Data entries
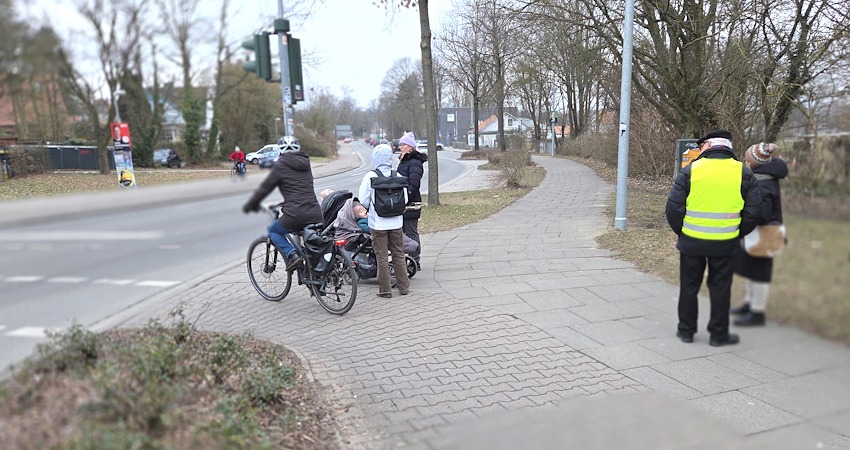 Foto: AG Lüneburg zu Fuß. Wir blicken Richtung Sültenweg. Rechter Hand ist das Vereinshaus und das Gelände des Sportvereins VfL - Ziel für viele Radfahrende. Doch der Radweg endet hier. Eigentlich müssten sie jetzt auf der Fahrbahn weiterfahren. Viele Radler:innen biegen hier deshalb einfach rechts ab und fahren auf dem Gehweg weiter. Das führt zu Konflikten und Gefahrensituationen mit dem Fußverkehr.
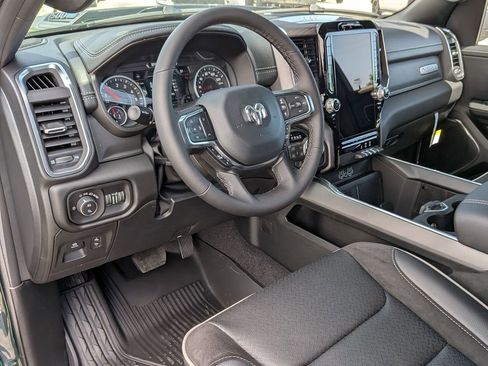 New 2026 RAM 1500 Laramie AWD/4WD image 32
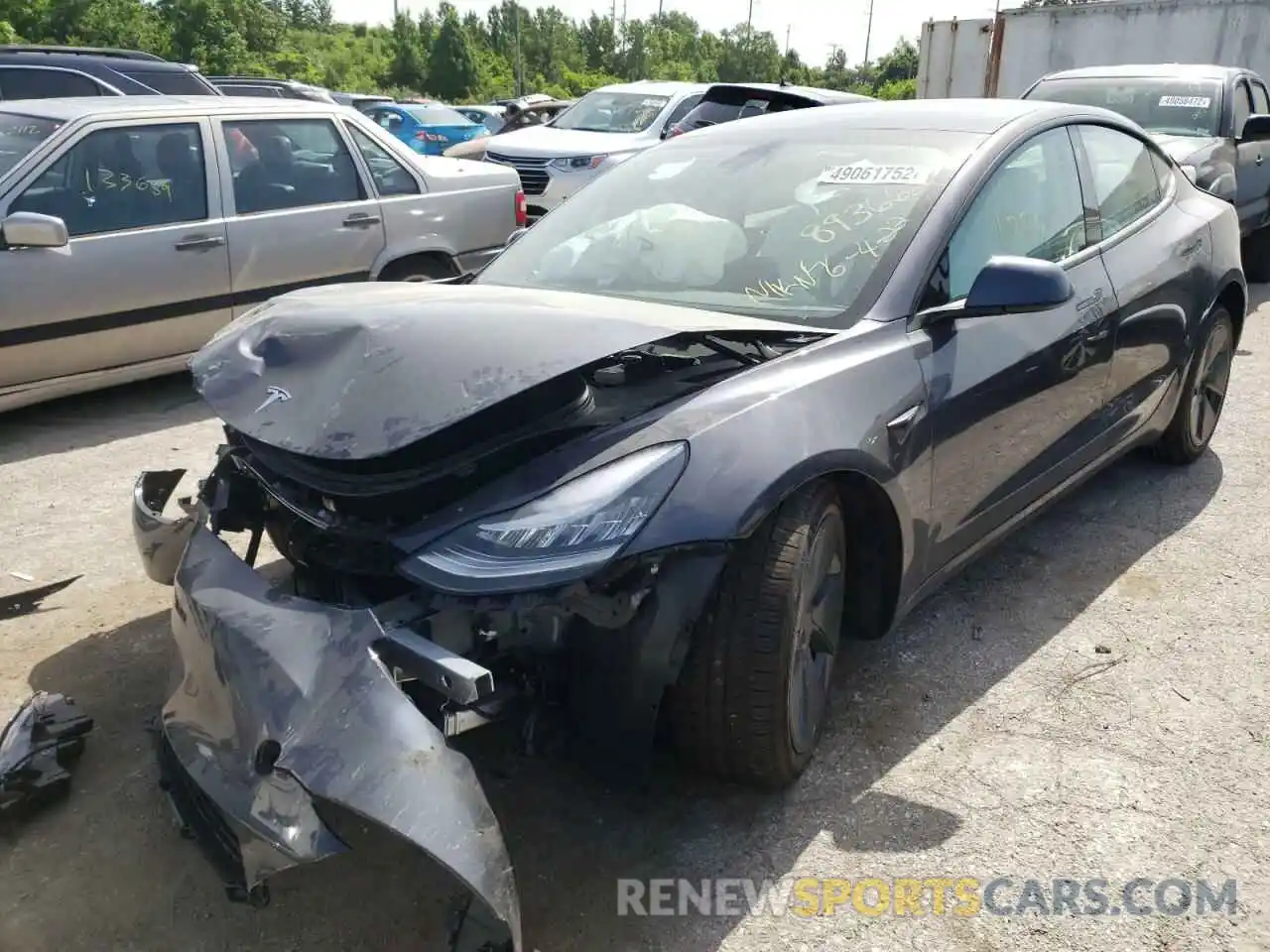 2 Photograph of a damaged car 5YJ3E1EB5NF242886 TESLA MODEL 3 2022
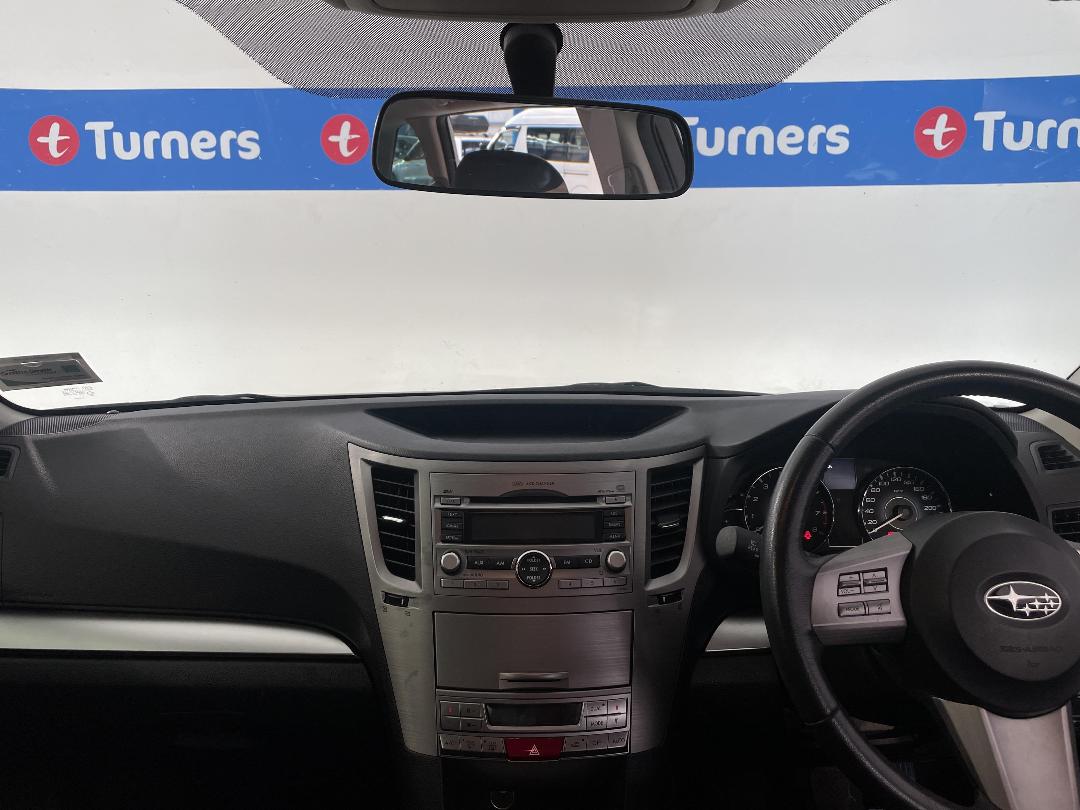 Photo '17' of Subaru Legacy Photo '17' of Subaru Legacy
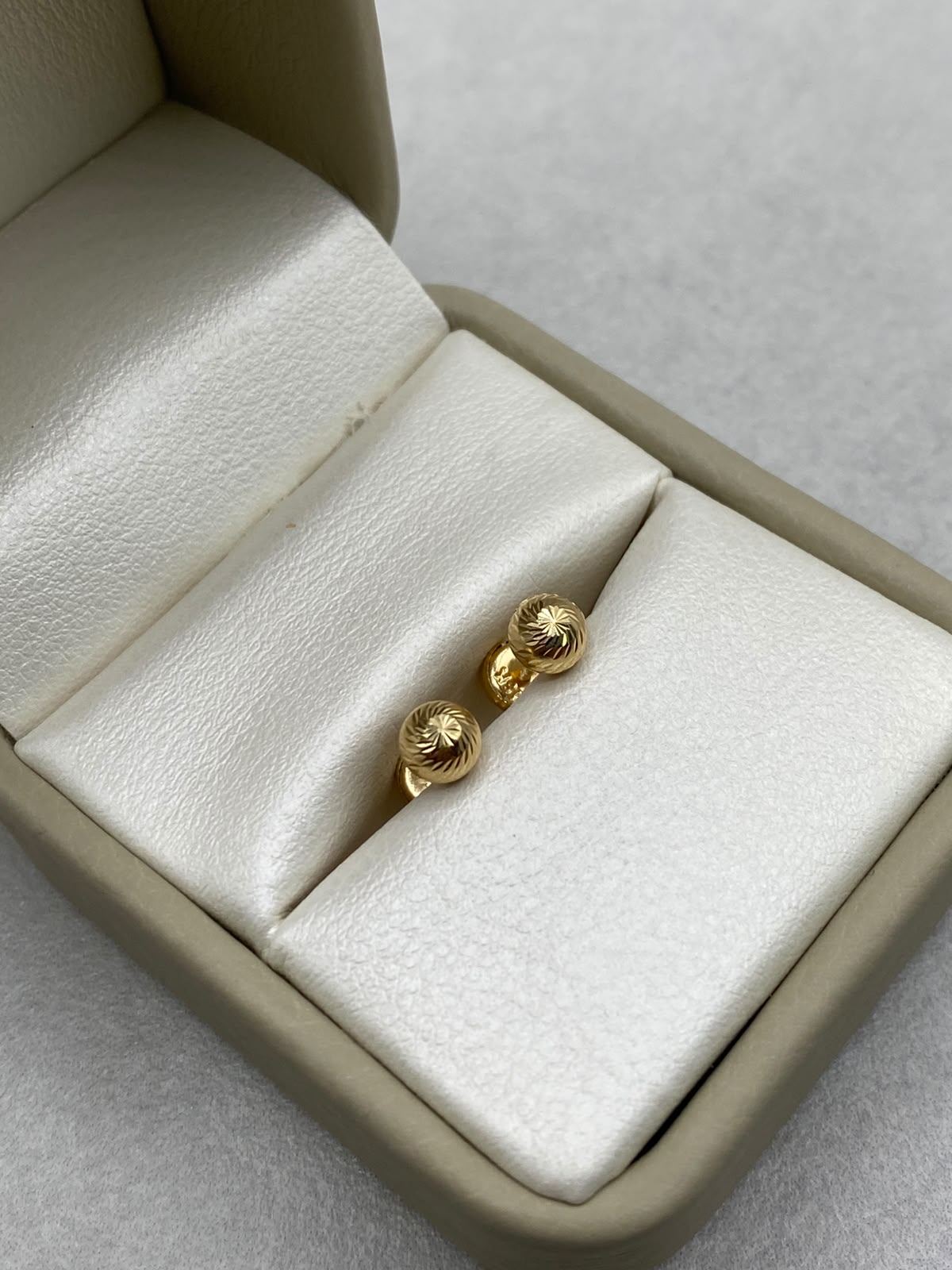 Topos bolas diamantados Oro amarillo 18k 0,70 Gr / 6 mm
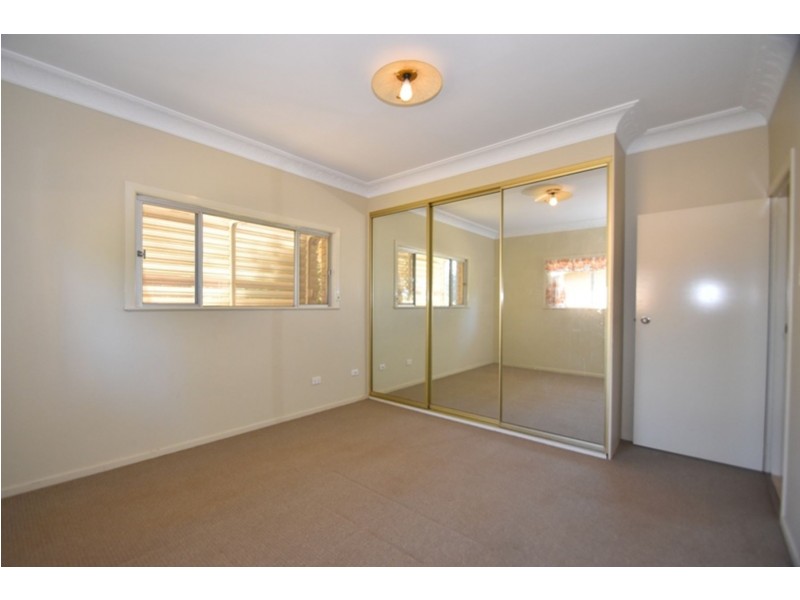 40 Tara Street, Wilsonton QLD 4350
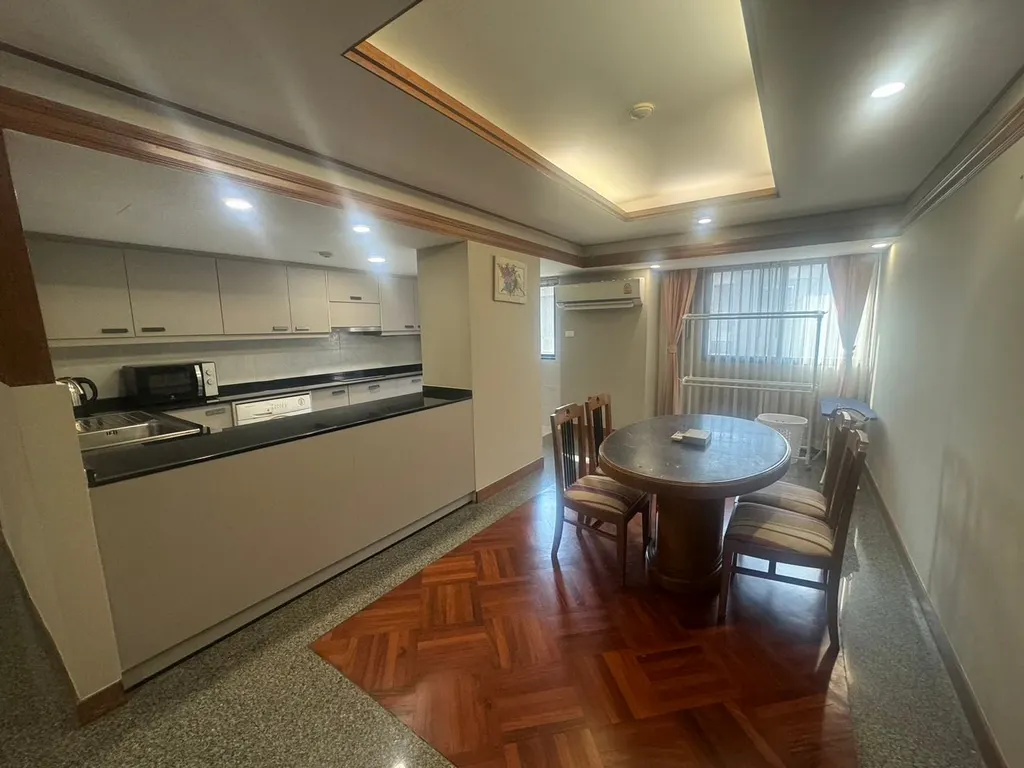 Photo 7 of listing DA-3354819: 2-bedroom condo (108 sq.m.) at United Tower Thong Lor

Exercise goal
Transcribe exactly, and only, the lines from the one containing "2 Photograph of" through the last line of the records above, both included; leave out the pictures.

Completed exercise
 2 Photograph of a damaged car 5YJ3E1EB5NF242886 TESLA MODEL 3 2022
 Photo '17' of Subaru Legacy Photo '17' of Subaru Legacy
 Topos bolas diamantados Oro amarillo 18k 0,70 Gr / 6 mm
 40 Tara Street, Wilsonton QLD 4350
 Photo 7 of listing DA-3354819: 2-bedroom condo (108 sq.m.) at United Tower Thong Lor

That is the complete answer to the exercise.